Pendant longtemps il a triomphé de toutes les affaires : conflits d’intérêts, fraudes fiscales, bilans truqués, corruptions, accointances mafieuses, scandales sexuels, y compris proxénétisme de mineures, etc. C’est seulement en 2012 qu’il sera condamné pour fraude fiscale et, dans la foulée, déchu de tous ses mandats publics jusqu’en 2019. Il sera à nouveau élu sénateur en 2022, mais désormais à la tête d’un parti affaibli qui n’est plus qu’une force d’appoint pour la droite et l’extrême-droite.
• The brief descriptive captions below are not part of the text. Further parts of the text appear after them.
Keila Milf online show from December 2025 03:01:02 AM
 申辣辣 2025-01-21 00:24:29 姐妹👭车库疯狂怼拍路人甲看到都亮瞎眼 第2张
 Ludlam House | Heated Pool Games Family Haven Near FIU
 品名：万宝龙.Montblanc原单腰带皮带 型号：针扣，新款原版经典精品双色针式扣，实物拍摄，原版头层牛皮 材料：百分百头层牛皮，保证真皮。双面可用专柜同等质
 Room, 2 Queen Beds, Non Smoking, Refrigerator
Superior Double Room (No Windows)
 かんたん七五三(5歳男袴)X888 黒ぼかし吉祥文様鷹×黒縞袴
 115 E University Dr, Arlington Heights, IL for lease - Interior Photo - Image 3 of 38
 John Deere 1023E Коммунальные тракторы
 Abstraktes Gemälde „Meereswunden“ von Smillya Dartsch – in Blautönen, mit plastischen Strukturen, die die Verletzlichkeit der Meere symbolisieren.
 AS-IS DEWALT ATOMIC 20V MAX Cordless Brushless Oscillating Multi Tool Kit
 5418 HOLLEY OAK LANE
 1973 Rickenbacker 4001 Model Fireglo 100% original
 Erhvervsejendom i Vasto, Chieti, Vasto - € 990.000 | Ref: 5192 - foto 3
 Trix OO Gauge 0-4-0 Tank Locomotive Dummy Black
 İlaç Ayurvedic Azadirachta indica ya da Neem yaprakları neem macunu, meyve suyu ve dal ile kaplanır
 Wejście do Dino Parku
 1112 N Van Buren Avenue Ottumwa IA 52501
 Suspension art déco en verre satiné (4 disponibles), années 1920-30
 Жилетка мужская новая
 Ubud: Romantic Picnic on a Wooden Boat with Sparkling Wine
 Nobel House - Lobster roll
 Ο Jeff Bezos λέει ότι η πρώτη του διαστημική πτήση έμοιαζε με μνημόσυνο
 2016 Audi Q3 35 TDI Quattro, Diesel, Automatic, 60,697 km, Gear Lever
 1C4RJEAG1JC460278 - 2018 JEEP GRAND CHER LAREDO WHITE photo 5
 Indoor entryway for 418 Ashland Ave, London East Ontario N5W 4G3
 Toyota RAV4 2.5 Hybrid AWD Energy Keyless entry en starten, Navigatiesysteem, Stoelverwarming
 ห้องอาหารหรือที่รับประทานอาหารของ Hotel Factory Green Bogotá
Durant sa domination, le berlusconisme a bénéficié de l’extrême faiblesse du centre gauche incapable de lui opposer un modèle alternatif et qui, même quand il était au gouvernement, ne réussit pas — ou ne voulut pas- faire adopter une loi sur les conflits d’intérêts, seul instrument capable de contrecarrer sa marche victorieuse. Berlusconi est mort ce 12 juin 2023 à l’âge de 86 ans, mais le berlusconisme, lui, ne s’est pas effacé même s’il prend aujourd’hui d’autres formes et d’autres appellations. Il laisse à la droite et à l’extrême droite une stratégie qui a fait ses preuves : l’anticommunisme sans communisme. Le « caïman »  n’a cessé tout au long de sa vie politique de mener un combat contre un adversaire disparu corps et biens – le parti communiste italien s’est sabordé en 1991 et n’a pas eu d’héritier — ce qui lui a permis de vendre au mieux le ‘bouclier’ du libéralisme et du marché. De ce point de vue la coalition de la droite et de l’extrême droite aujourd’hui au pouvoir à Rome lui sera longtemps redevable.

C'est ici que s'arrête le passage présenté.